*Exercise requirements*. Beginning with the first line of the material, set down each line exactly as written, up to and including the line with "VEROMODA风衣女2024秋季女装双排扣翻领系带插肩袖中长款风衣气质通勤 温撒棕色加花色 165/84A/M".

*Records to process*.
_ _ _ _
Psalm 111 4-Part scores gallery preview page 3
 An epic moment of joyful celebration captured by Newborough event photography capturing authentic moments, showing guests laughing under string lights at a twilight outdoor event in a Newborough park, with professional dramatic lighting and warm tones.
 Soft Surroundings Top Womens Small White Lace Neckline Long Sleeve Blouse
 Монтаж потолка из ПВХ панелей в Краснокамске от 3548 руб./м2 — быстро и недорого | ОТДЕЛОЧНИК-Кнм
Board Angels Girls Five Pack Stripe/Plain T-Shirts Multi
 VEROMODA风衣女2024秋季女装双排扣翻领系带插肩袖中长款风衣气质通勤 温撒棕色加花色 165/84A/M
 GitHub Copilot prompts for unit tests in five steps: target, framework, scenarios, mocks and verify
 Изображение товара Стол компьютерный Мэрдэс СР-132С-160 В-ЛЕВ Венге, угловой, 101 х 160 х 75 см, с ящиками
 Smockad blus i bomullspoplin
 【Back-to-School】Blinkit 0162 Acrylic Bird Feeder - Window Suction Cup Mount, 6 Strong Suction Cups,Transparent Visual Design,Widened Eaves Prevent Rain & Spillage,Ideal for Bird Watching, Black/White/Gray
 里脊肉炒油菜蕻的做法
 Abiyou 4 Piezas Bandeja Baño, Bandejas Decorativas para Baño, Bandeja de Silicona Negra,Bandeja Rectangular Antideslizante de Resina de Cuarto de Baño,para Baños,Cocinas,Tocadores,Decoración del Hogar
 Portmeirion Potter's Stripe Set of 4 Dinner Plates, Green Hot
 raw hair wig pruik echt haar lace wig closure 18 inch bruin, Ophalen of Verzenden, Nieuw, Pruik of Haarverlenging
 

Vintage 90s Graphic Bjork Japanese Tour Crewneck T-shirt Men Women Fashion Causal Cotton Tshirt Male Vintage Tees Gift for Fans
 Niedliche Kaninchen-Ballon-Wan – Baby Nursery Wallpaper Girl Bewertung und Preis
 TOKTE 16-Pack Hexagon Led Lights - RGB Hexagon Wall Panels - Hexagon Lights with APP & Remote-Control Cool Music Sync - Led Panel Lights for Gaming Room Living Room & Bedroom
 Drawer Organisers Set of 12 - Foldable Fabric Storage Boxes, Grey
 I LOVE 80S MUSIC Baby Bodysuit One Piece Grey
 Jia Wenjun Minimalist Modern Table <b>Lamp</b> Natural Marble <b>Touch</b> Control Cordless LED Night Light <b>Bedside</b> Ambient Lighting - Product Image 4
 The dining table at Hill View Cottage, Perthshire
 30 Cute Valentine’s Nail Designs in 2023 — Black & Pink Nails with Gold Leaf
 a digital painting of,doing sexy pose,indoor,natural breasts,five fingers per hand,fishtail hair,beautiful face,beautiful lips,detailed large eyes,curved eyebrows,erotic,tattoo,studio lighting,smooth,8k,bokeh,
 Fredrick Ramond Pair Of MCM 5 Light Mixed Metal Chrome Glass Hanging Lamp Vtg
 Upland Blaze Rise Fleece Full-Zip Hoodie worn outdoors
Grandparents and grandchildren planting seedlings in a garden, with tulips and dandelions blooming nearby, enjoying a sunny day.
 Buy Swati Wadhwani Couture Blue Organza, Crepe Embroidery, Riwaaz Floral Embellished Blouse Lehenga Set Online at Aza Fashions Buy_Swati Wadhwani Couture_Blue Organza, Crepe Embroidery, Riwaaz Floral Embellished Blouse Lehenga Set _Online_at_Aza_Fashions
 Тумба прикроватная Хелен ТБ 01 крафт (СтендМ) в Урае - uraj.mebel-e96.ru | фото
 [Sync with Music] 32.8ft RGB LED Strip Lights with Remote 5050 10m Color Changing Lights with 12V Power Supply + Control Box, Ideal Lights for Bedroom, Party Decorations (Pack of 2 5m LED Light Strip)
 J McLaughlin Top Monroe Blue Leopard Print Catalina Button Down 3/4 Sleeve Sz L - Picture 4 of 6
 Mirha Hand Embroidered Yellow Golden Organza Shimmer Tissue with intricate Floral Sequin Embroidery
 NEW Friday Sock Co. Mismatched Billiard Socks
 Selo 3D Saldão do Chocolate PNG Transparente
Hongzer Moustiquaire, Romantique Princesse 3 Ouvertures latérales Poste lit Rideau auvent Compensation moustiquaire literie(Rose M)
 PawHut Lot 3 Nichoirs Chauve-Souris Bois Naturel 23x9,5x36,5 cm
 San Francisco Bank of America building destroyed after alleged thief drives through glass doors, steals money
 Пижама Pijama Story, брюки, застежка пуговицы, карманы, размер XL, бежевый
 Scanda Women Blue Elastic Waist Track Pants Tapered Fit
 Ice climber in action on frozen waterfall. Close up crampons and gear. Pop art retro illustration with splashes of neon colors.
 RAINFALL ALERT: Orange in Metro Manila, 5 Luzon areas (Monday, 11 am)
_ _ _ _
*Exercise result*.
Psalm 111 4-Part scores gallery preview page 3
 An epic moment of joyful celebration captured by Newborough event photography capturing authentic moments, showing guests laughing under string lights at a twilight outdoor event in a Newborough park, with professional dramatic lighting and warm tones.
 Soft Surroundings Top Womens Small White Lace Neckline Long Sleeve Blouse
 Монтаж потолка из ПВХ панелей в Краснокамске от 3548 руб./м2 — быстро и недорого | ОТДЕЛОЧНИК-Кнм
Board Angels Girls Five Pack Stripe/Plain T-Shirts Multi
 VEROMODA风衣女2024秋季女装双排扣翻领系带插肩袖中长款风衣气质通勤 温撒棕色加花色 165/84A/M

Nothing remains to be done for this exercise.